Image-text web data
#####

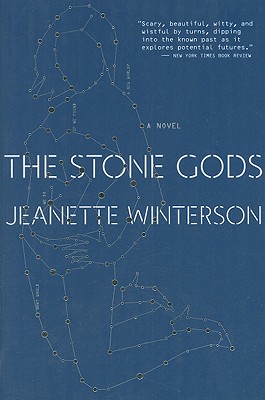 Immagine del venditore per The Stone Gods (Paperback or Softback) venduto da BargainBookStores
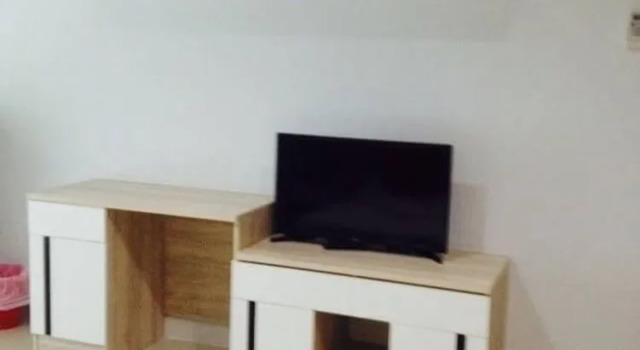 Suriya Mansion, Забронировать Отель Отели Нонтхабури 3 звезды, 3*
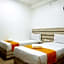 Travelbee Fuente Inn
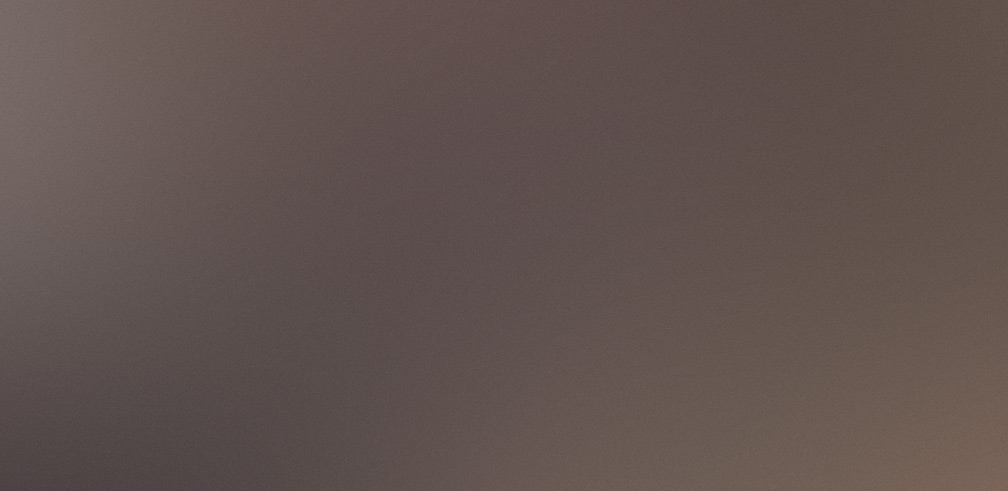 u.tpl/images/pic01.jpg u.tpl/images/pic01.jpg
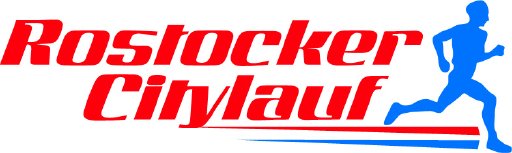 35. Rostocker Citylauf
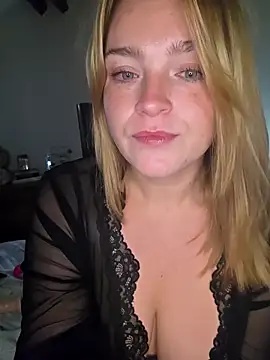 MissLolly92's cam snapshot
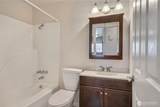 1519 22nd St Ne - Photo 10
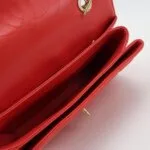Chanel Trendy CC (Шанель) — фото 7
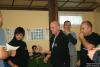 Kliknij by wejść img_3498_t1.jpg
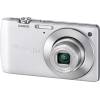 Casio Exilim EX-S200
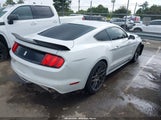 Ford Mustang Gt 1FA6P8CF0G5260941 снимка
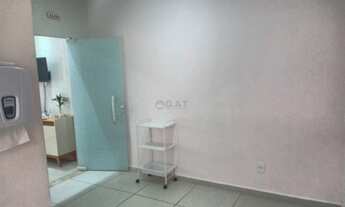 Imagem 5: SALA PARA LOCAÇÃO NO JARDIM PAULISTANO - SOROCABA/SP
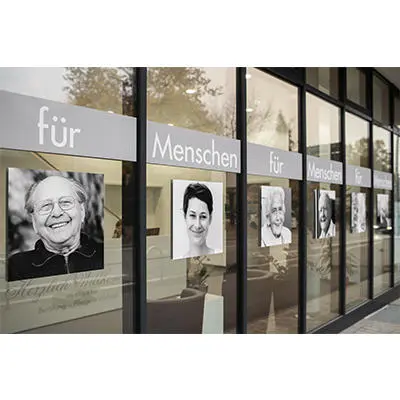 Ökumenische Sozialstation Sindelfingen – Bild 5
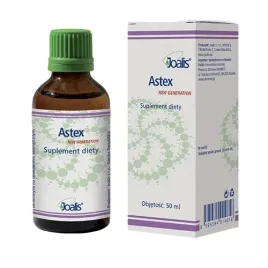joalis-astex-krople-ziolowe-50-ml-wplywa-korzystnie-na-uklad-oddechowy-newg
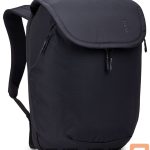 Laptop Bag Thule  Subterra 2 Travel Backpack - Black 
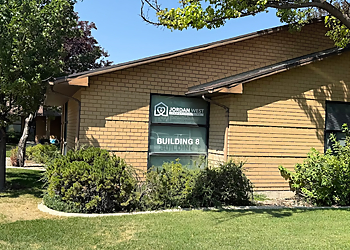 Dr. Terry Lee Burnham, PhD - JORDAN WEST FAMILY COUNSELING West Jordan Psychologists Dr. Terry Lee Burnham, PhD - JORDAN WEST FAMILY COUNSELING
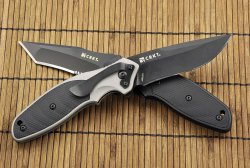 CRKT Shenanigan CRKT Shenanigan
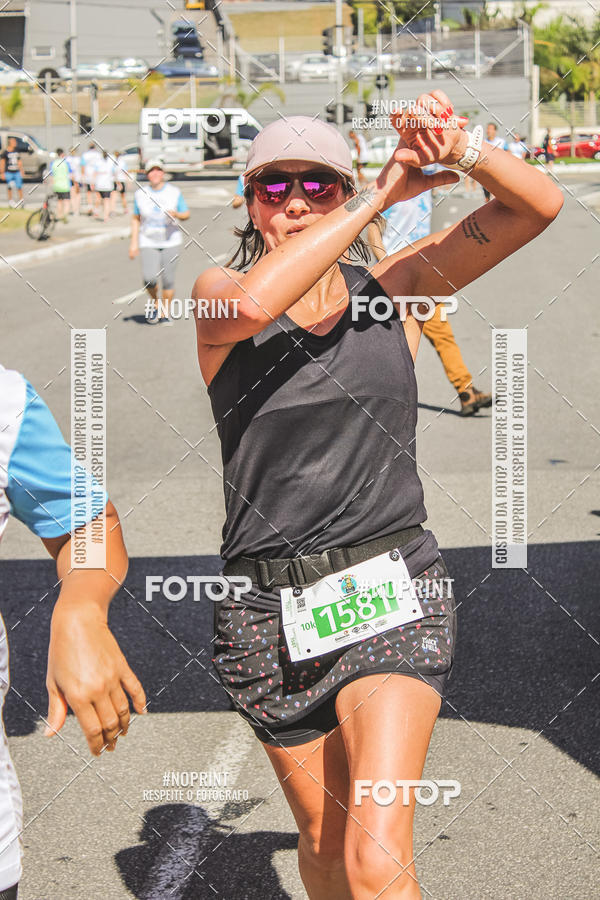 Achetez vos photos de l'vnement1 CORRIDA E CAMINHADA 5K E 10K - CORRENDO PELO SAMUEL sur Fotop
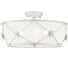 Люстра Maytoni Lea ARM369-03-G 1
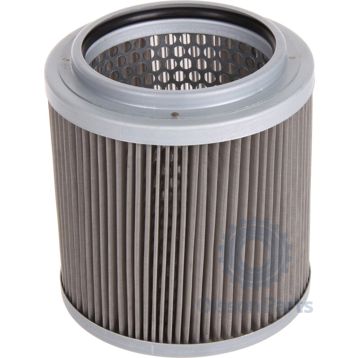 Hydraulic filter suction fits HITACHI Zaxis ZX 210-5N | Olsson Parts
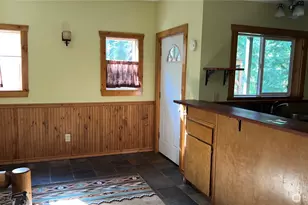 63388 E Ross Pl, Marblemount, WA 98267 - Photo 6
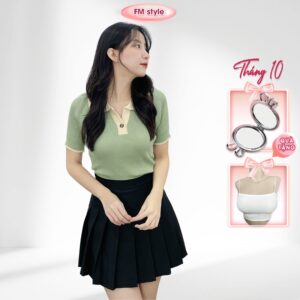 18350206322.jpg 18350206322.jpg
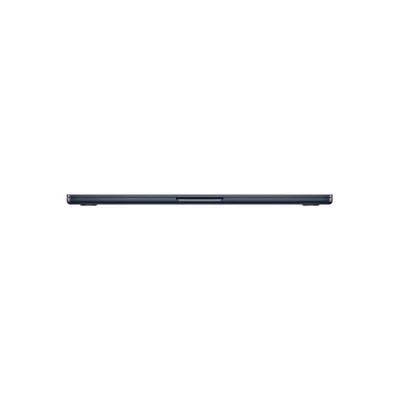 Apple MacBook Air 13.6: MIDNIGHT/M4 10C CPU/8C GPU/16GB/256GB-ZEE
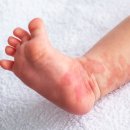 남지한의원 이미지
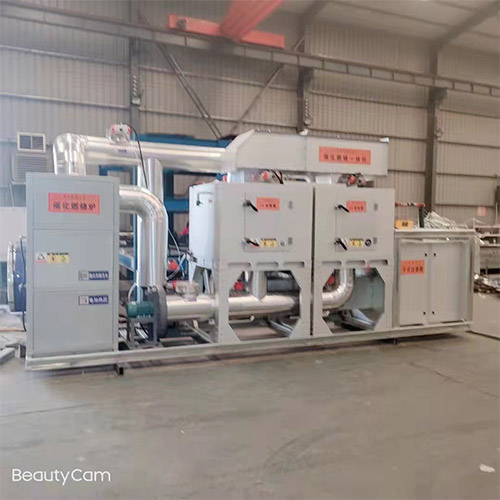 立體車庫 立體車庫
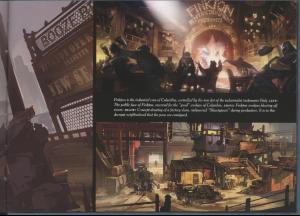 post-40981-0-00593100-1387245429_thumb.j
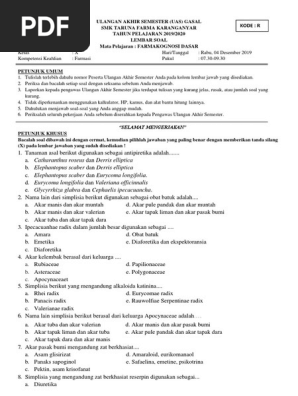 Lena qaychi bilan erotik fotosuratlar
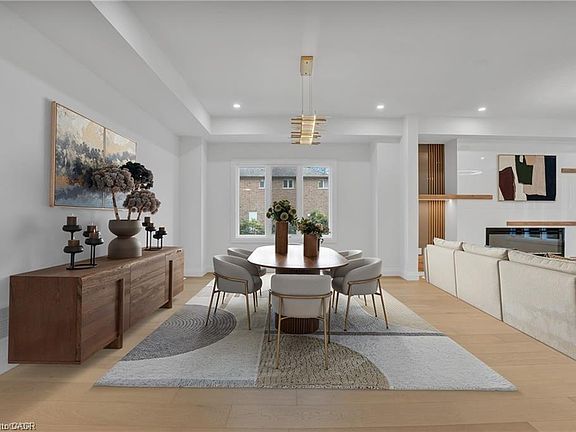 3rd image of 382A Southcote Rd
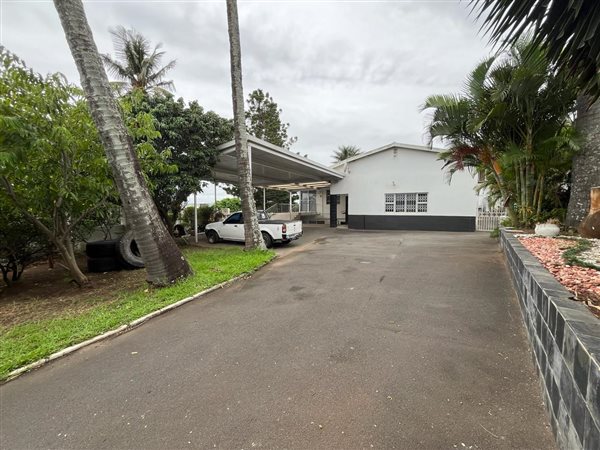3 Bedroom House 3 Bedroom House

#####

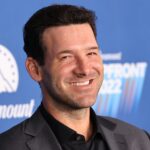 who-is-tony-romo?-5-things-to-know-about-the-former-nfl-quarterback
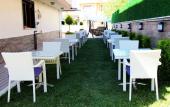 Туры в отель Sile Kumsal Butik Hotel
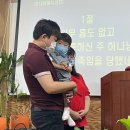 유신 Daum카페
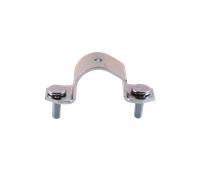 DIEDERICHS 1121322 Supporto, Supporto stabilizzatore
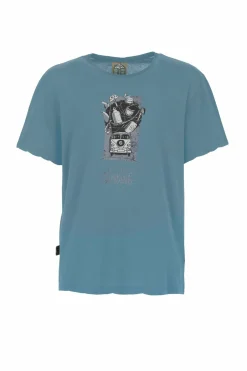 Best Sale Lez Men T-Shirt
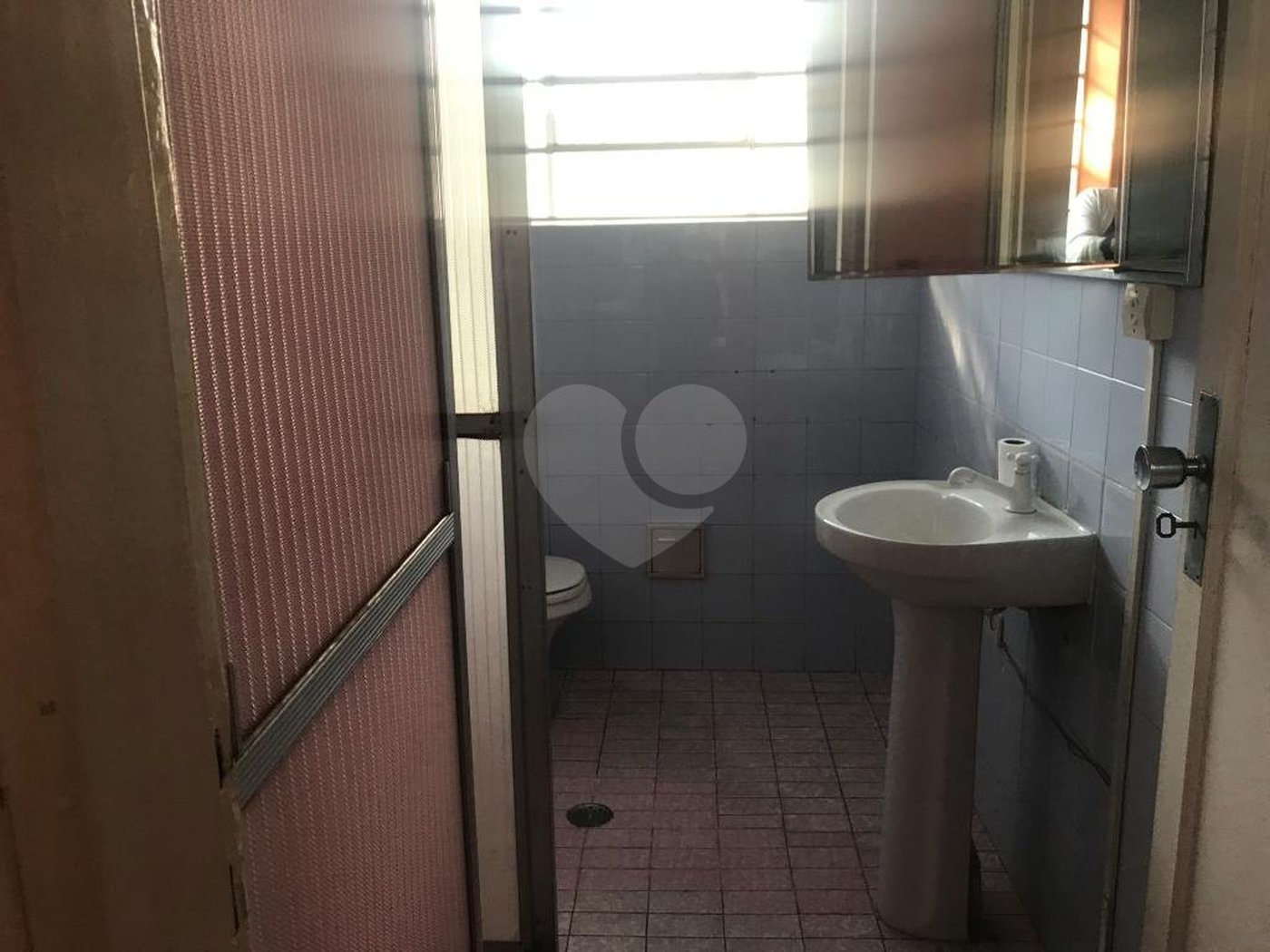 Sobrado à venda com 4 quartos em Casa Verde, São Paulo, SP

#####

Please copy the lines above exactly, starting at the line that holds "CRKT Shenanigan CRKT Shenanigan" and ending at the line that holds "3 Bedroom House 3 Bedroom House"; include both, but no pictures.

 CRKT Shenanigan CRKT Shenanigan
 Achetez vos photos de l'vnement1 CORRIDA E CAMINHADA 5K E 10K - CORRENDO PELO SAMUEL sur Fotop
 Люстра Maytoni Lea ARM369-03-G 1
 Hydraulic filter suction fits HITACHI Zaxis ZX 210-5N | Olsson Parts
 63388 E Ross Pl, Marblemount, WA 98267 - Photo 6
 18350206322.jpg 18350206322.jpg
 Apple MacBook Air 13.6: MIDNIGHT/M4 10C CPU/8C GPU/16GB/256GB-ZEE
 남지한의원 이미지
 立體車庫 立體車庫
 post-40981-0-00593100-1387245429_thumb.j
 Lena qaychi bilan erotik fotosuratlar
 3rd image of 382A Southcote Rd
3 Bedroom House 3 Bedroom House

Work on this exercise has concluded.